4. Op gebieden waarop communautaire besluiten of internationale instrumenten inzake justitiële samenwerking reeds voorzien in de aanwijzing van autoriteiten die tot taak hebben de justitiële samenwerking te vergemakkelijken, verwijzen de contactpunten de verzoekers naar bedoelde autoriteiten door.

Artikel 6

Bevoegde autoriteiten waarin is voorzien door communautaire besluiten of internationale instrumenten inzake justitiële samenwerking in burgerlijke en handelszaken

1. De betrokkenheid bij het netwerk van de bevoegde autoriteiten waarin is voorzien door communautaire besluiten of internationale instrumenten inzake justitiële samenwerking in burgerlijke en handelszaken, laat de bevoegdheden onverlet die aan deze autoriteiten zijn verleend bij het besluit of instrument dat in hun aanwijzing voorziet.

De contacten binnen het netwerk laten regelmatige of incidentele contacten tussen die autoriteiten onverlet.

2. In iedere lidstaat houden de autoriteiten waarin is voorzien door communautaire besluiten of internationale instrumenten inzake justitiële samenwerking in burgerlijke en handelszaken, en de contactpunten van het netwerk regelmatig gedachtewisselingen en contact, om hun respectieve ervaring zo ruim mogelijk te verspreiden.

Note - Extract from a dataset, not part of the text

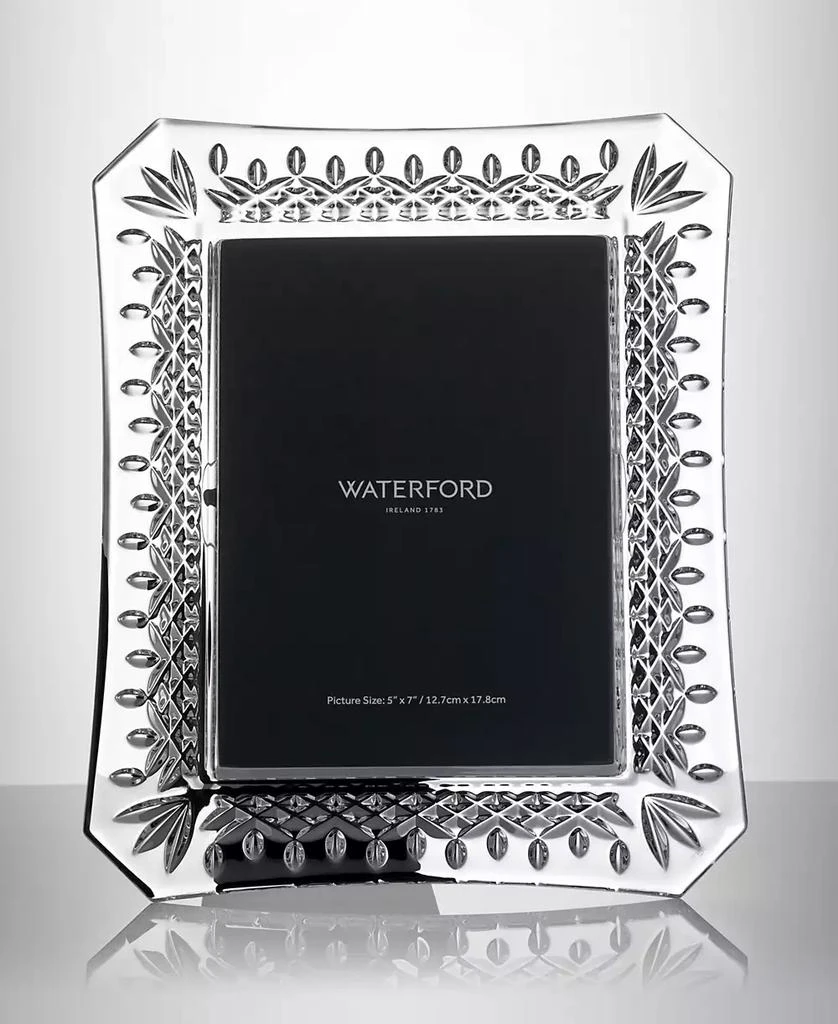 Waterford Crystal Lismore Photo Frame 5x7" 3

3. De contactpunten van het netwerk staan ter beschikking van de autoriteiten waarin is voorzien door communautaire besluiten of internationale instrumenten inzake justitiële samenwerking in burgerlijke en handelszaken, om hen zoveel mogelijk behulpzaam te zijn.

Artikel 7

Talenkennis van de contactpunten

Met het oog op een soepele werking van het netwerk zien de lidstaten erop toe dat hun contactpunten behalve hun eigen taal ook een van de andere officiële talen van de instellingen van de Europese Gemeenschap in voldoende mate beheersen, aangezien zij met de contactpunten van de andere lidstaten moeten kunnen communiceren.

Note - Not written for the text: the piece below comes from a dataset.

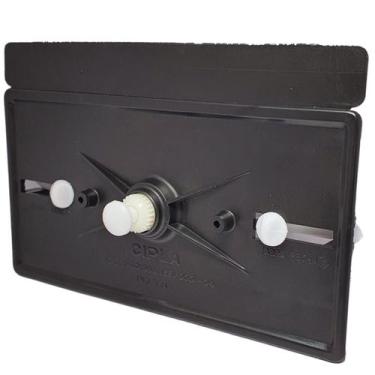 Imagem de Kit tampa de inspeção caixa de embutir cipla 0174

De lidstaten vergemakkelijken en stimuleren gespecialiseerd talenonderwijs voor het personeel van de contactpunten en bevorderen personeelsuitwisselingen tussen contactpunten in de lidstaten.

Artikel 8

Communicatiemiddelen

De contactpunten maken gebruik van de meest aangewezen technologische middelen om zo snel en doeltreffend mogelijk te kunnen reageren op de verzoeken die zij ontvangen.

TITEL II

VERGADERINGEN BINNEN HET NETWERK

Artikel 9

Vergaderingen van de contactpunten

1. De contactpunten van het netwerk vergaderen ten minste eenmaal per halfjaar, overeenkomstig artikel 12.

2. In die vergaderingen wordt iedere lidstaat vertegenwoordigd door één of meer contactpunten, die kunnen worden vergezeld door andere leden van het netwerk, echter zonder dat het aantal van vier vertegenwoordigers per lidstaat wordt overschreden.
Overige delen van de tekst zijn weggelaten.